Which puts me at giving away almost a thousand eBooks and a thousand audiobooks in November, and selling 1 novel and 7 short stories for a total of $5.25. And I forgot about the State of Arizona’s legislative change which means I suddenly owe the city $40/year for the privilege of doing business here (there was previously only a one-time $12 fee for the license), along with the $50 I owe the City of Phoenix for the same thing. Gotta make some more sales this month. Quick, someone go buy 10 copies of Untrue Tales… Book Four! You can totally gift eBooks through Amazon, now.

NaNoWriMo 2010

I “cheated” for NaNoWriMo this year. You’re “supposed” to start a new project from scratch and finish it during the month…

Though the focus has certainly shifted significantly in the direction of paying more attention to reaching 50,000 words than to finishing a novel. For a lot of pro- and aspiring- authors, there is much derision of the ideas that 1) 50k words constitutes a novel or 2) 50k words is a lot to write in a month.
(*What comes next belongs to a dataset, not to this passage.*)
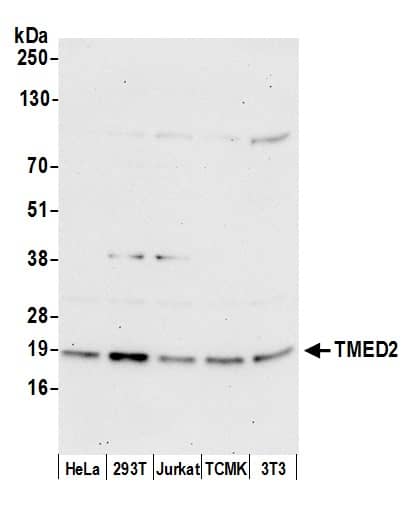 Western Blot:[NBP3-30655]-Detection of human and mouse TMED2 by western blot. Samples: Whole cell lysate from HeLa, HEK293T, Jurkat, mouse TCMK-1, and mouse NIH 3T3 cells prepared using NETN lysis buffer. Antibody: Affinity purified rabbit anti-TMED2 antibody used for WB at 0. 1 µg/ml. Detection: Chemiluminescence with an exposure time of 30 seconds.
Still, none of the writers I know who have made such comments have come close to keeping pace with NaNoWriMo this year, and quite a few people I know who have no intention of ever seeking publication (or worse: becoming a professional writer) have kept up or outdone themselves, and while carefully following the rules. Others are struggling, even while including all the words they write for school, their blogs, short stories, grocery lists, anything they write all month.
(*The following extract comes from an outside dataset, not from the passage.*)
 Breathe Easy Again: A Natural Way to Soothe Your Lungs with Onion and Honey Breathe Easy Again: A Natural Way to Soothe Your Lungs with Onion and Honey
Of course, a struggle I see every year (my sister & wife, included) is in reaching the 50k word goal but not getting near the end of the story. My sister thought she was about 1/4 of the way through her story at ~30,000 words. She’s revised her plot since then, to reign it in to a reachable target. My wife is about to hit 50k tonight (the 27th), but is planning on continuing to write for the next week or more until she gets to the end of the story. And because the focus of the people in charge at the OLL, and thus of the participants, is on the 50k instead of the finished book… They’re both going to be winners. As a 9-year veteran of NaNoWriMo I have no disagreement with this assessment; anyone who sets themselves an ambitious goal like this and succeeds is certainly a winner. 50k words in a month, a book in a month, a screenplay (Script Frenzy is in April, I think), a long reading list… Set yourself a challenge that you never thought you could beat, then beat it, and you’ll certainly feel like a winner.
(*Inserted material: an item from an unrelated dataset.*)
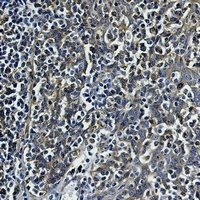 Anti-Beta-tubulin Antibody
Within three or four years of discovering NaNoWriMo, I’d already ruined myself of the idea of writing a book / 50k words in a month being a challenge. Certainly not one I don’t think I can beat: the first year I tried, after setting aside 2 partial manuscripts, I wrote a 50k-word novel in under 8 days. The next year I wrote Dragons’ Truth on a manual typewriter in (I think) 26 days. For my third try, I wrote Untrue Tales… Book One in 14 days. (I intended to write Book Two in the 2nd half of the month, but when my writing stalled, I instead edited Book One, designed its cover, wrote its copy, did its layout, and got it printed & available for sale by Nov. 30th. Because I was already teaching myself to be a publisher by 2004.) Book Two came out of me a couple months later, within about 2 weeks. In September, 2005, I wrote the first 48k words of Book Three in a “single sitting” 60 hours long. So writing a book in a month is… Not a challenge, as far as getting the words down, for me. It makes it so NaNoWriMo isn’t much more of a good/winner feeling over simply finishing a new book, which is something I do 2-4 times a year, most years.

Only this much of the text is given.